'If it disappears, so be it': Belgian former EU official unconcerned by loss of European industry

'If it disappears, so be it': Belgian former EU official unconcerned by loss of European industry
Credit: Belga / Eric Lalmand

A Belgian former senior EU official has played down the potential loss of Europe's heavy industry, suggesting that the continent's deindustrialisation should even be welcomed if it is driven by natural market forces.

In an interview with l'Echo, Pierre Régibeau – the recently retired Chief Competition Economist at the European Commission's Directorate-General for Competition and the former right-hand man of renowned EU antitrust chief Margrethe Vestager – also claimed that implementing protectionist measures to safeguard Europe's industrial base would be "stupid" and would ultimately "cost taxpayers very dearly".

"If [heavy industry] disappears, so be it. It has to. What is the point of producing basic steel here if we can buy it three times cheaper in Indonesia?... If the imports are even cheaper, I don't see what the problem is."

When it was suggested that the erosion of Europe's industry could lead to significant job losses, Régibeau remained undeterred: "If we followed this reasoning, we would still have 40,000 miners in Liège. Let's not delude ourselves. Economies are flexible, they evolve. The shocks are absorbed."

'Pure alarmism'

Régibeau's remarks contrast sharply with those of industry leaders and other EU officials, many of whom have issued repeated and explicit warnings about the dangers currently facing Europe's industry.

One study published in June by the Federation of Belgian Companies (FEB) estimated that 80% of Belgian companies are paying two-and-a-half times more for energy than they were at the beginning of 2022. It cautioned that the high cost of energy is rendering businesses in Belgium increasingly uncompetitive relative to those in the US.

"The competition with the United States is tough," FEB Chief Economist and report co-author Edward Roosens told l'Echo. "There the gas price is €12 per megawatt-hour (MWh), compared to more than €30 per MWh with us."

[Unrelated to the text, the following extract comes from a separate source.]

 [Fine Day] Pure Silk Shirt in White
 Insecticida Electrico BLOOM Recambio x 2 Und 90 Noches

Such concerns were echoed earlier this year by European Internal Market Commissioner Thierry Breton, who noted that "high energy prices in Europe will continue to affect our fellow citizens, but also entire industrial supply chains and [small and medium-sized businesses]". He added: "At the same time, China, the US and other countries are trying – not without success – to attract our industrial capacities."

Related News

But the former EU official dismissed such warnings as "pure alarmism" propagated by industry leaders. He posited that such doom-mongering is a ploy to persuade government officials to enact protectionist legislation "for their own self-interest".

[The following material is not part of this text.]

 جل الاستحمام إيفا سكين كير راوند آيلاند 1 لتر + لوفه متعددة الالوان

Régibeau also claimed that the repeated warnings by EU officials and industry leaders of the dangers posed to the European economy by the Inflation Reduction Act (IRA) were "exaggerated" and issued a scathing criticism of the American legislators who devised it: "The total amount of subsidies [provided by the IRA] is not so high, especially if we compare it with state aid in Europe."

He continued: "This is not to say that the IRA is perfect. On the contrary, as an economic policy it is pitiful. It seems to have been written on a beer coaster during a drunken evening. The money is spent incredibly inefficiently." He insisted that "Protectionism is not the solution", warning that this will simply "create a stupid race for subsidies that would cost taxpayers very dearly."

"Except for safety reasons, why manufacture wind turbines in Europe when you can buy them twice as cheap elsewhere? Europe should thank these countries for this gift."